• About this task: Write out the entire listing below exactly as it appears, minus any pictures.

* * * *

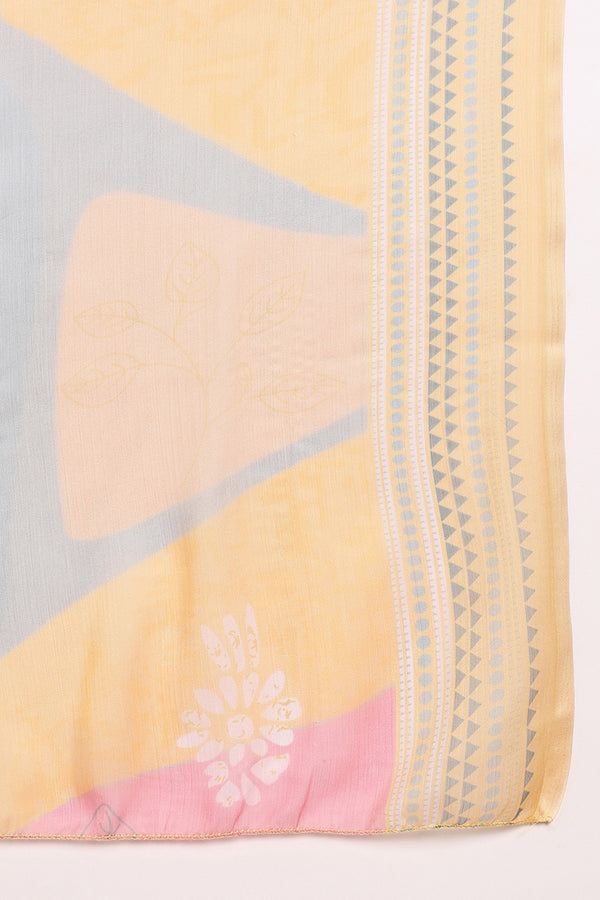 Yellow Silk Blend Straight Suit Set VKSKD1833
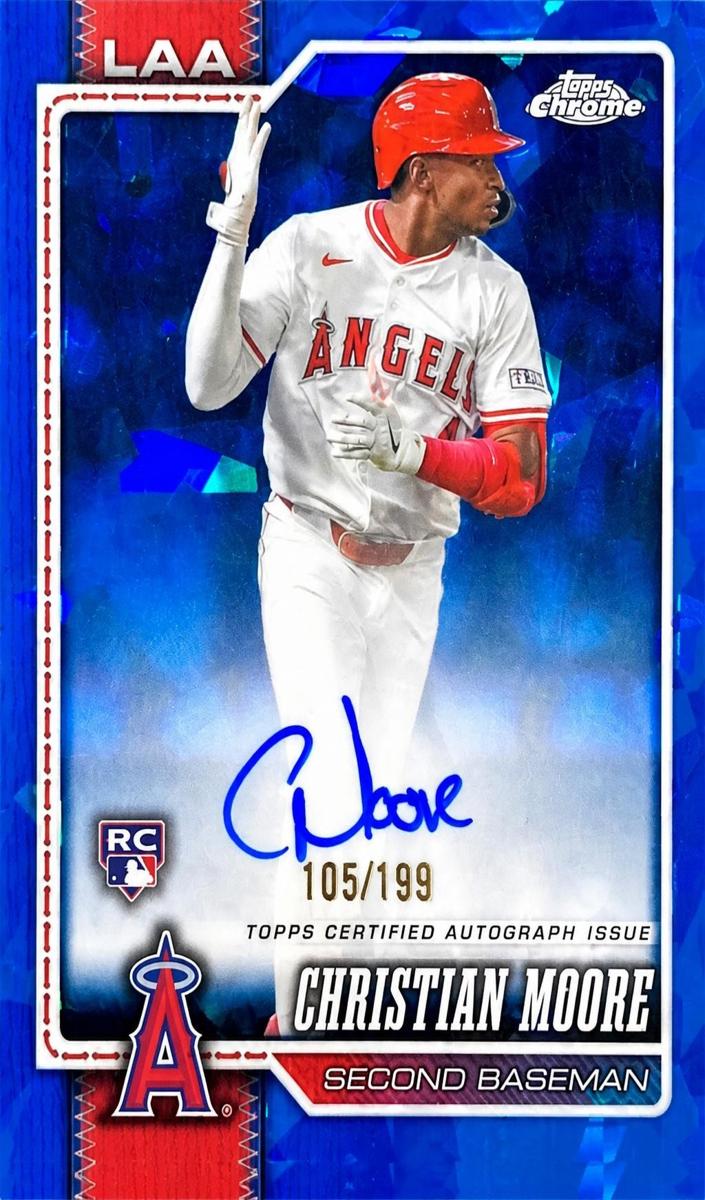 Christian Moore 2026 Topps Chrome Sapphire Autographs Baseball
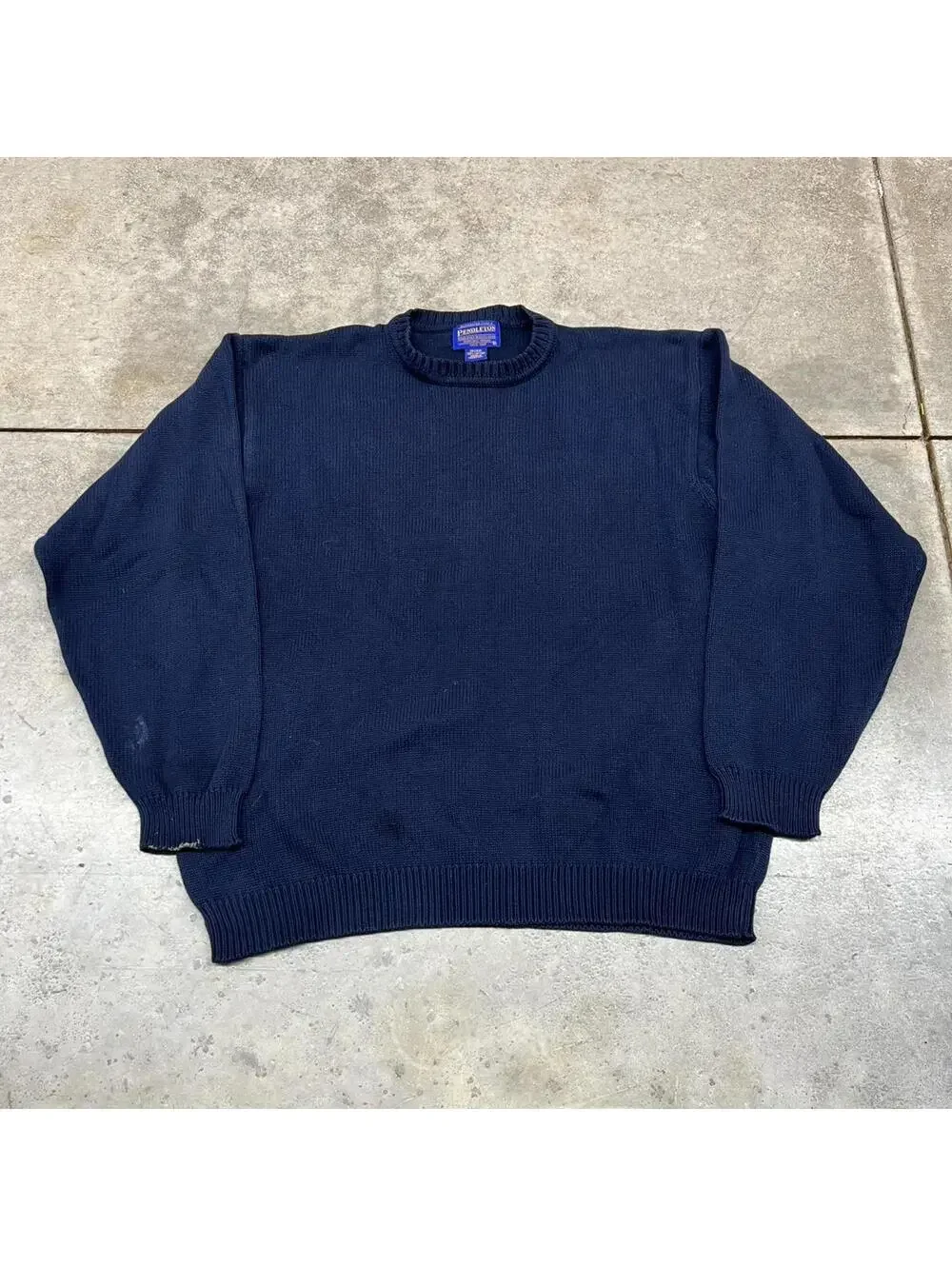 vintage pendleton navy cotton knit sweater size large HAS STAINS
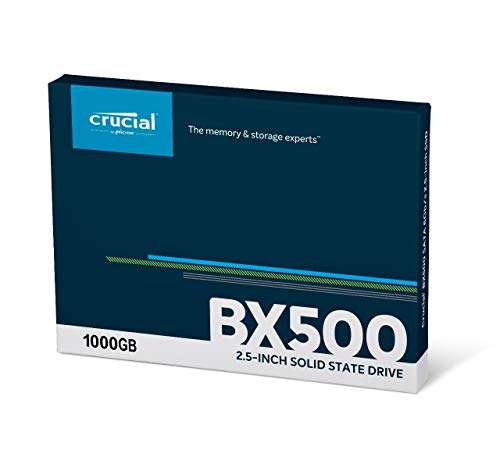 Crucial BX500 1TB 3D NAND SATA 2.5 Inch Internal SSD - Up to 540MB/s - CT1000BX500SSD1 £50.34 @ Amazon
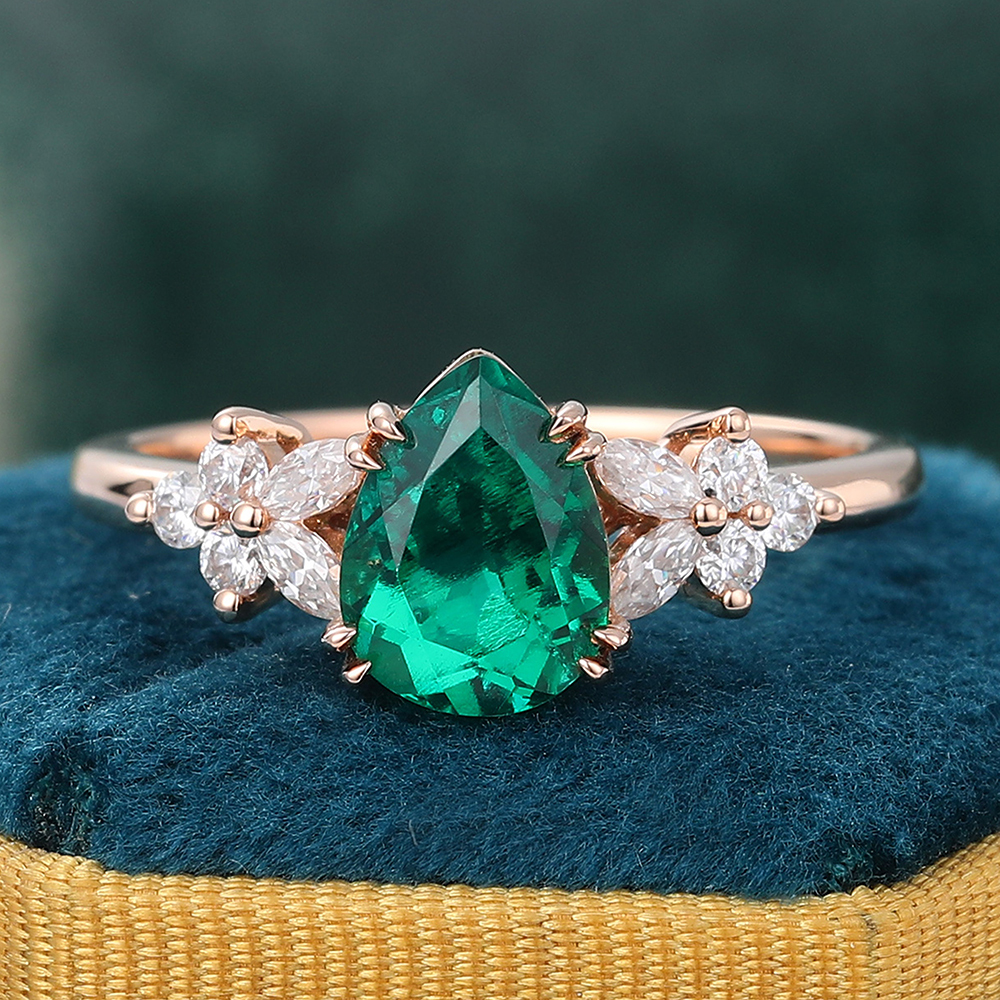 Emerald Engagement Ring Diamond Cluster Ring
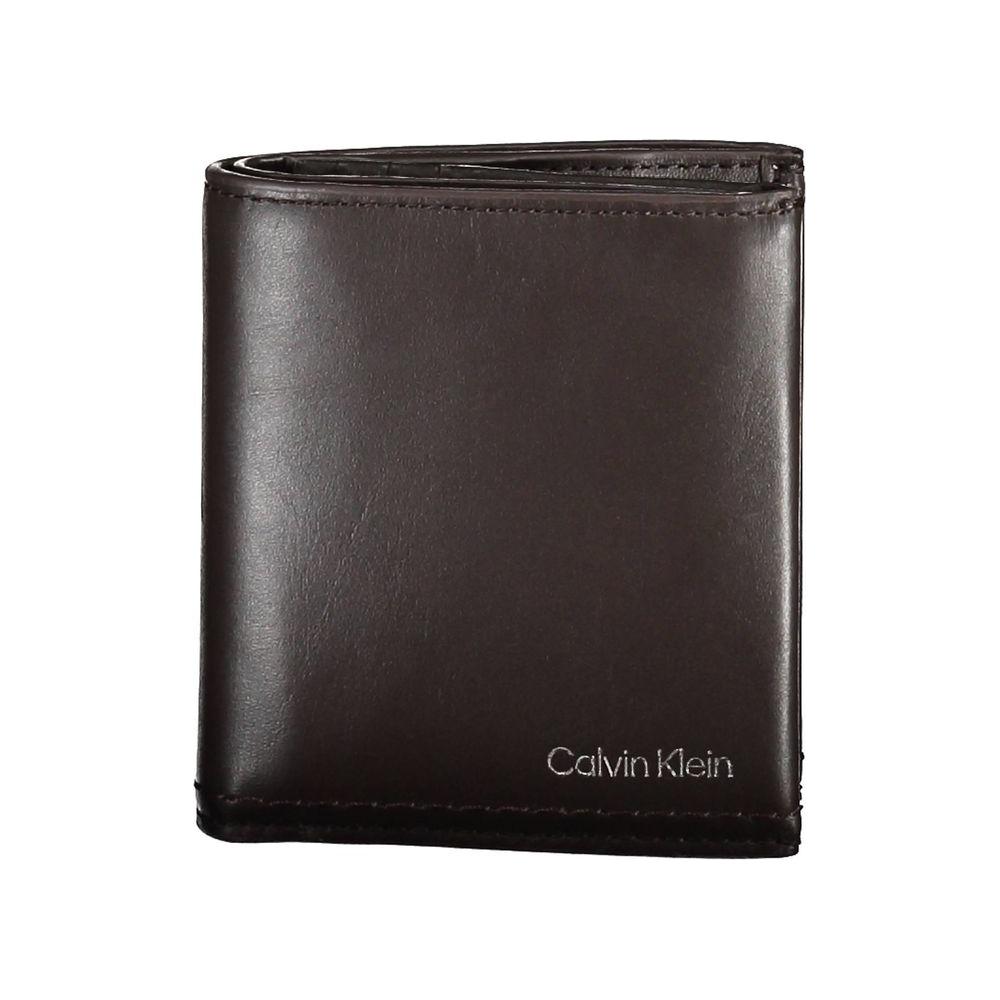Calvin Klein Brown Leather Men Wallet Calvin Klein Dark Slate Gray
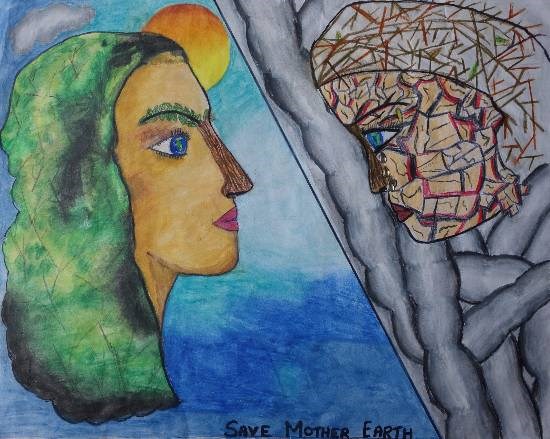 Save Mother Earth, painting by Aishwarya Ramachandran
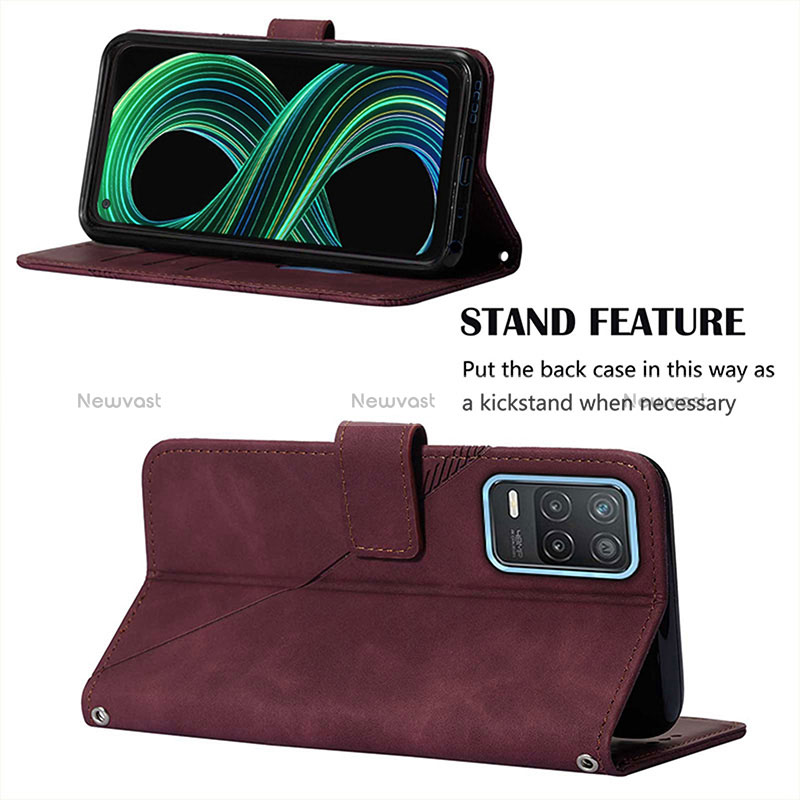 Leather Case Stands Flip Cover Holder Y01B for Realme 8 5G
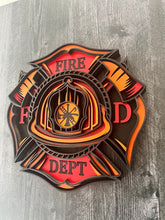 Load image into Gallery viewer, Honor the courage, dedication, and tradition of the fire service with this striking 5-layer Fire Department sign. Designed in the classic Maltese cross shape, this dimensional wood sign features a detailed firefighter helmet surrounded by crossed axes and bold “FIRE DEPT” lettering.
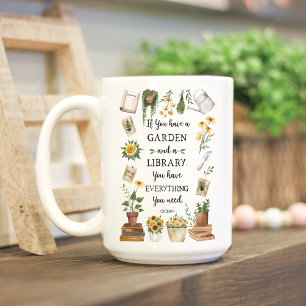 Mug Citation de jardinage et de bibliothèque Tournesol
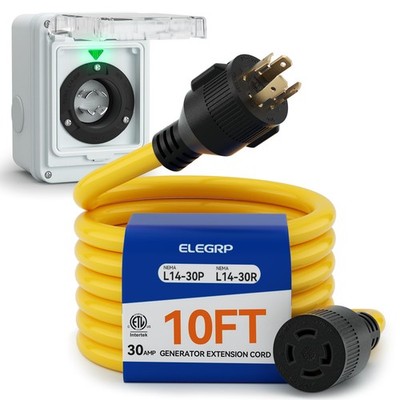 ELEGRP 30 Amp Generator Extension Cord 10 Feet with Pre-Drilled Inlet Box, NE...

* * * *

• Solution for this problem:
 Yellow Silk Blend Straight Suit Set VKSKD1833
 Christian Moore 2026 Topps Chrome Sapphire Autographs Baseball
 vintage pendleton navy cotton knit sweater size large HAS STAINS
 Crucial BX500 1TB 3D NAND SATA 2.5 Inch Internal SSD - Up to 540MB/s - CT1000BX500SSD1 £50.34 @ Amazon
 Emerald Engagement Ring Diamond Cluster Ring
Calvin Klein Brown Leather Men Wallet Calvin Klein Dark Slate Gray
 Save Mother Earth, painting by Aishwarya Ramachandran
 Leather Case Stands Flip Cover Holder Y01B for Realme 8 5G
 Load image into Gallery viewer, Honor the courage, dedication, and tradition of the fire service with this striking 5-layer Fire Department sign. Designed in the classic Maltese cross shape, this dimensional wood sign features a detailed firefighter helmet surrounded by crossed axes and bold “FIRE DEPT” lettering.
 Mug Citation de jardinage et de bibliothèque Tournesol
 ELEGRP 30 Amp Generator Extension Cord 10 Feet with Pre-Drilled Inlet Box, NE...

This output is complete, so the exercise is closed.